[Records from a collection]
-- Opening Marker --

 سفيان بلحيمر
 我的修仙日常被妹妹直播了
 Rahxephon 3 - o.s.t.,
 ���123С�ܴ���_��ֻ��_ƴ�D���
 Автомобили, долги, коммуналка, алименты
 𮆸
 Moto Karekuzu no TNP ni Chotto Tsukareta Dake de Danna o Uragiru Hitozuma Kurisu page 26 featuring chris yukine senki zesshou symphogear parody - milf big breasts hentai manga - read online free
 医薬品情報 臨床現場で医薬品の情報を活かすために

-- Closing Marker --

What is expected
Set every entry down verbatim.

Result of this exercise
 سفيان بلحيمر
 我的修仙日常被妹妹直播了
 Rahxephon 3 - o.s.t.,
 ���123С�ܴ���_��ֻ��_ƴ�D���
 Автомобили, долги, коммуналка, алименты
 𮆸
 Moto Karekuzu no TNP ni Chotto Tsukareta Dake de Danna o Uragiru Hitozuma Kurisu page 26 featuring chris yukine senki zesshou symphogear parody - milf big breasts hentai manga - read online free
 医薬品情報 臨床現場で医薬品の情報を活かすために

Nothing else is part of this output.